▶ _REQUIRED ACTION_
When you retype the entries, keep each one exact and leave out the pictures.
○ ○ ○ ○ ○
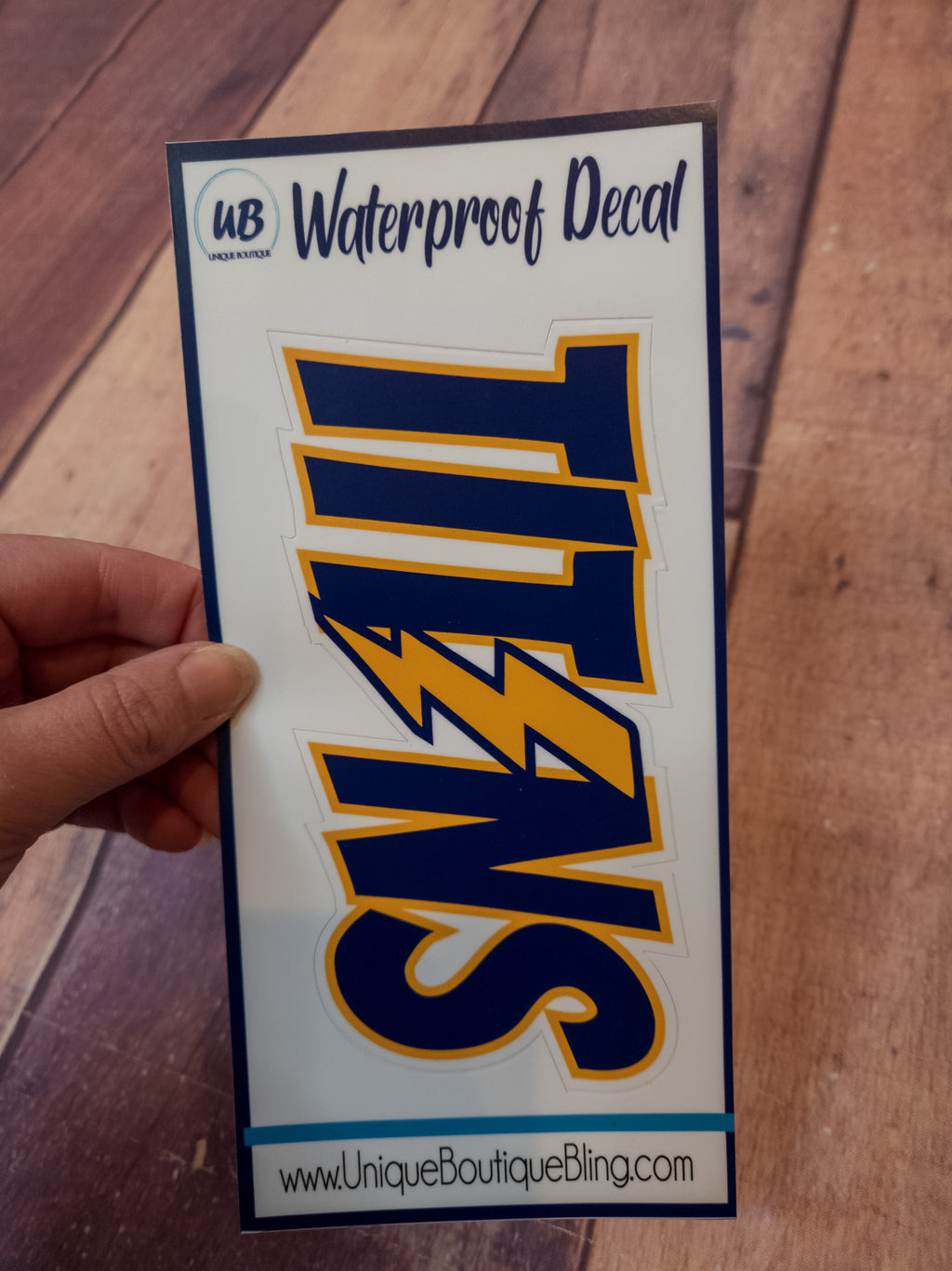 Titans Decal – Unique Boutique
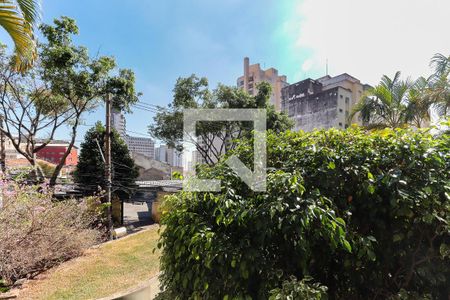 Vista da cidade com árvores e edifícios altos, com sol brilhando no céu azul. de apartamento à venda com 3 quartos, 93m² em Aclimação, São Paulo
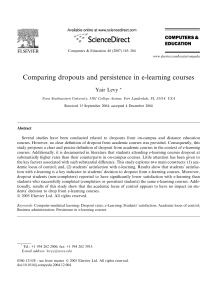 Comparing Dropouts and Persistence in E-Learning Courses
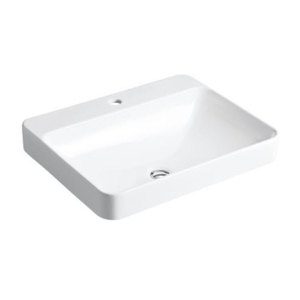 K2660-1-0 Vox Vessel Style Bathroom Sink - White K2660-1-0 Vox Vessel Style Bathroom Sink - White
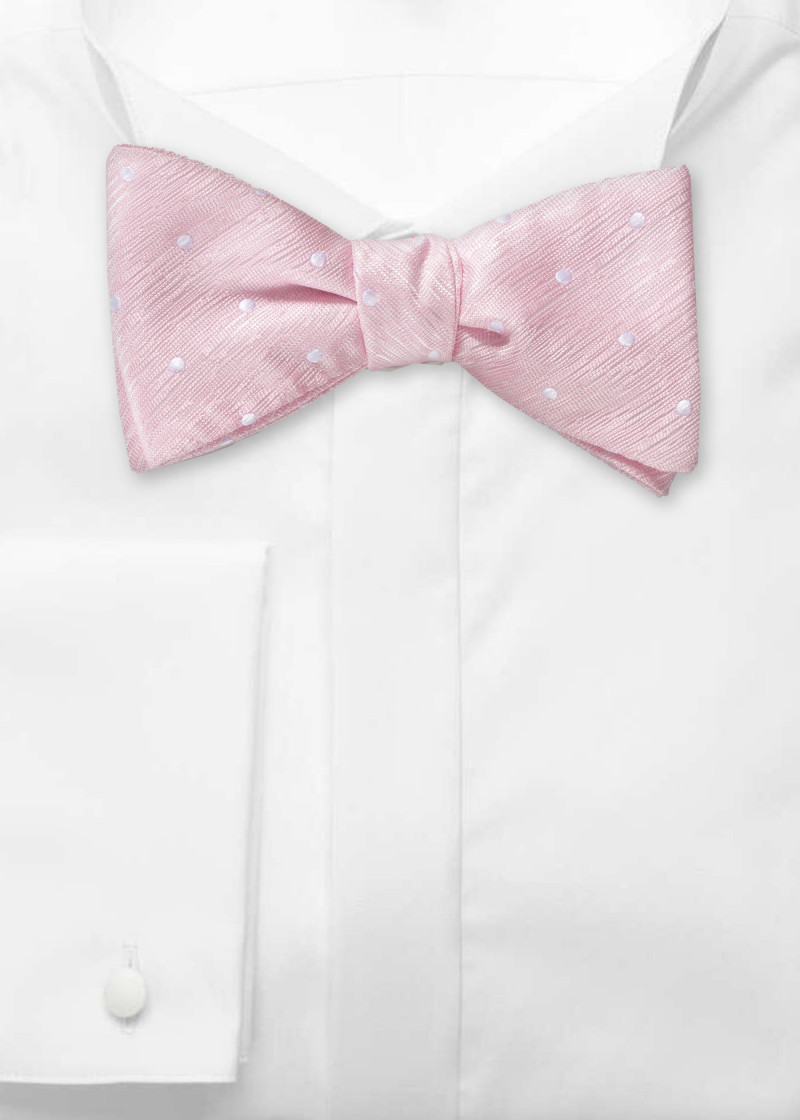 Papillon autocollante a pois rosa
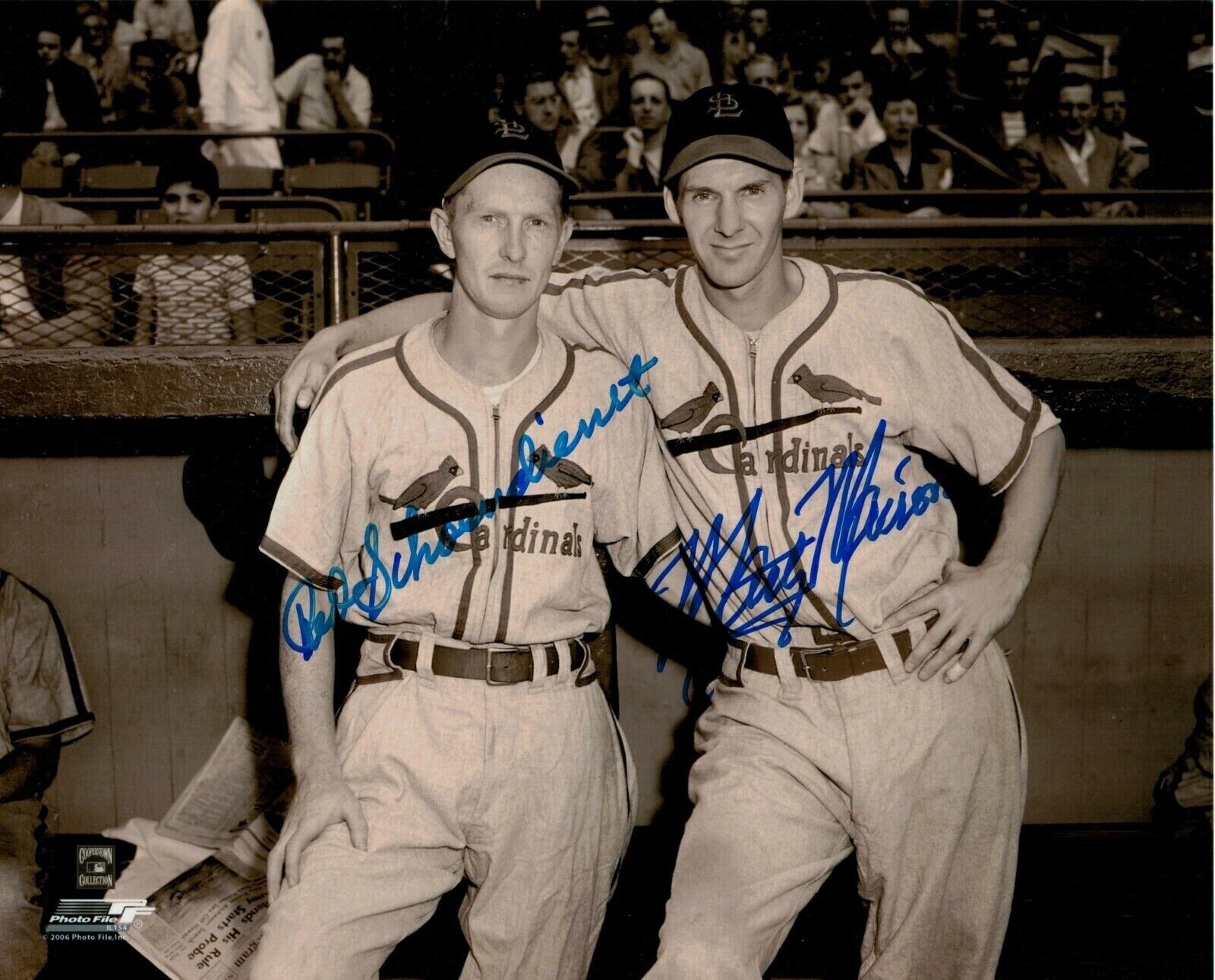 Red Schoendienst / Marion Autographed Signed 8x10 Photo Poster painting (HOF Cardinals ) REPRINT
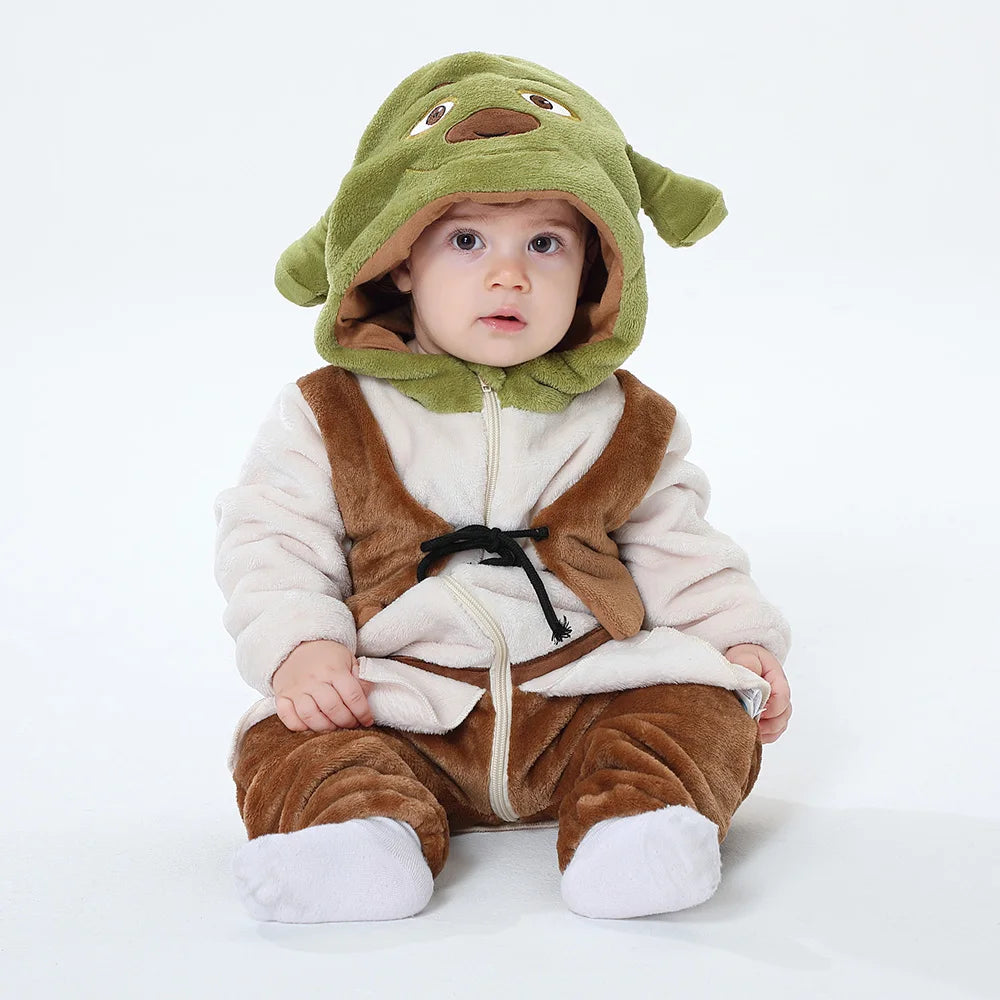 Shrek Onesie Cute Pajama Halloween Romper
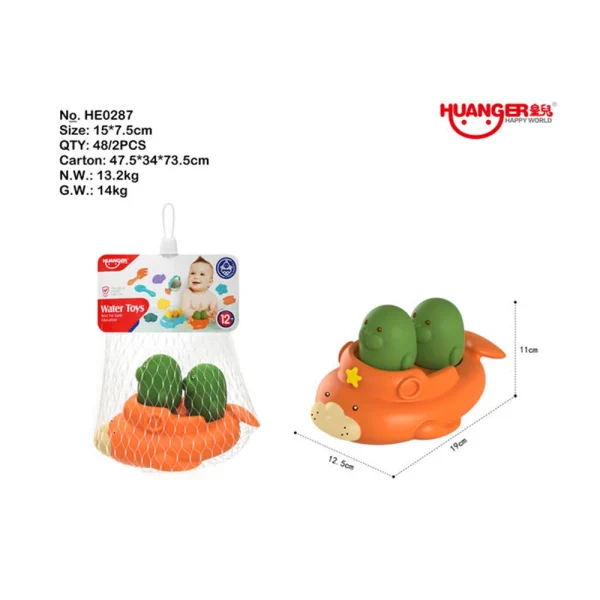 R24B/37 (R21B /27) (18950) Jucarie set animalute pentru baie HE0287 (D1R7C)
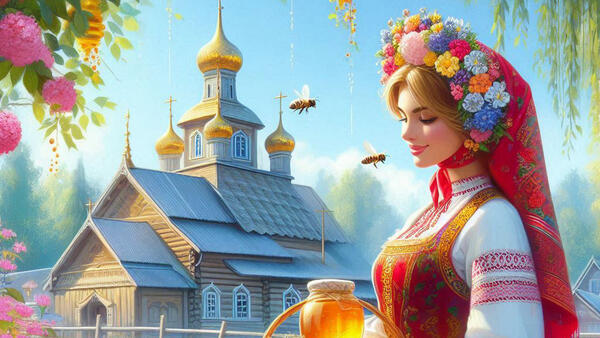 25+ открыток и картинок на Медовый Спас 2026: красивые поздравления с добрым смыслом
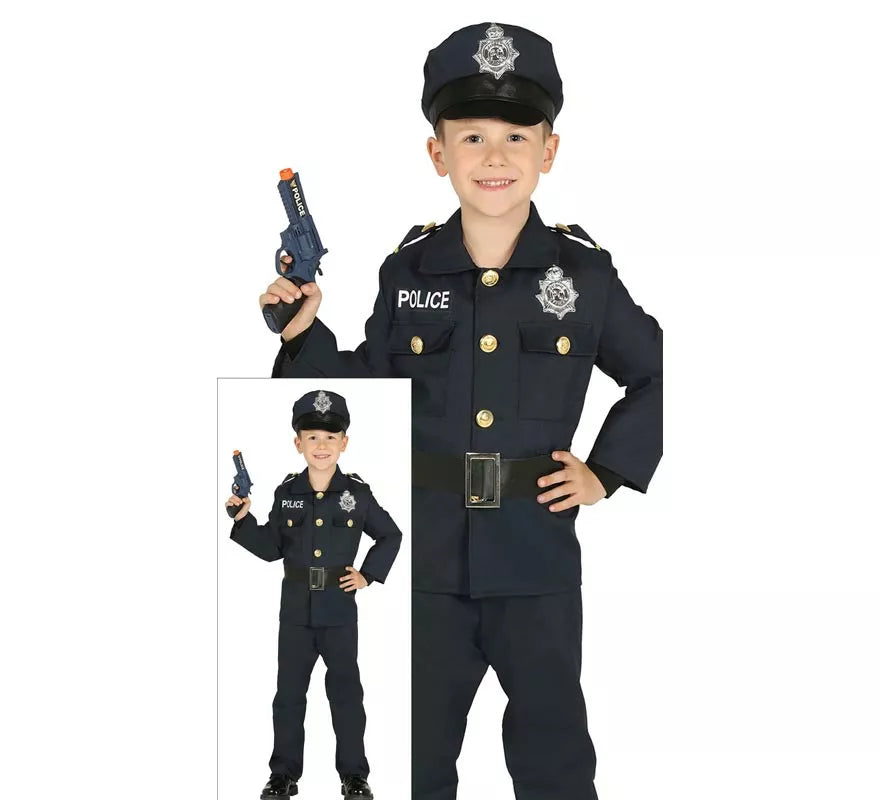 Disfraz de Policía azul para niños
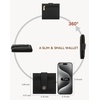 image:imageBOSTANTEN Slim Wallet for Women Small RFID Blocking Credit Card Holder Leather Bifold Wallets with Zipper Coin Pocket BeigeBlack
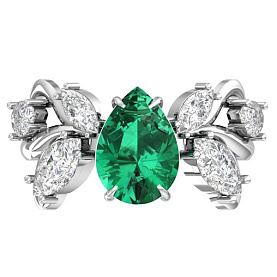 Кольцо POKROVSKY - Серебро 925, Кварц, Фианит (арт. 1101453-03665)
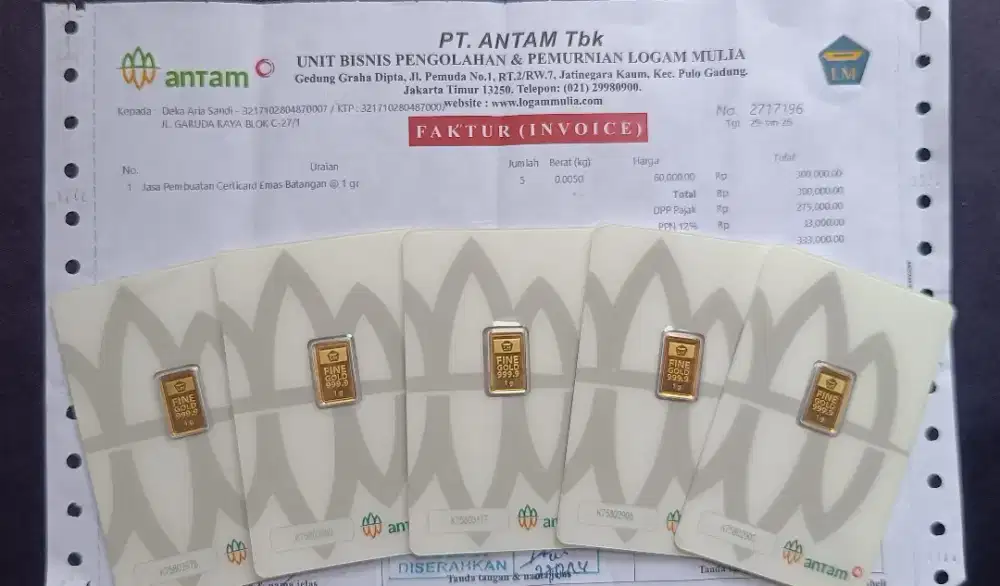 Antam 1gr2026 5 keping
○ ○ ○ ○ ○
▶ _SOLVED EXERCISE_
 Titans Decal – Unique Boutique
 Vista da cidade com árvores e edifícios altos, com sol brilhando no céu azul. de apartamento à venda com 3 quartos, 93m² em Aclimação, São Paulo
 Comparing Dropouts and Persistence in E-Learning Courses
 K2660-1-0 Vox Vessel Style Bathroom Sink - White K2660-1-0 Vox Vessel Style Bathroom Sink - White
 Papillon autocollante a pois rosa
 Red Schoendienst / Marion Autographed Signed 8x10 Photo Poster painting (HOF Cardinals ) REPRINT
 Shrek Onesie Cute Pajama Halloween Romper
 R24B/37 (R21B /27) (18950) Jucarie set animalute pentru baie HE0287 (D1R7C)
 25+ открыток и картинок на Медовый Спас 2026: красивые поздравления с добрым смыслом
 Disfraz de Policía azul para niños
 image:imageBOSTANTEN Slim Wallet for Women Small RFID Blocking Credit Card Holder Leather Bifold Wallets with Zipper Coin Pocket BeigeBlack
 Кольцо POKROVSKY - Серебро 925, Кварц, Фианит (арт. 1101453-03665)
 Antam 1gr2026 5 keping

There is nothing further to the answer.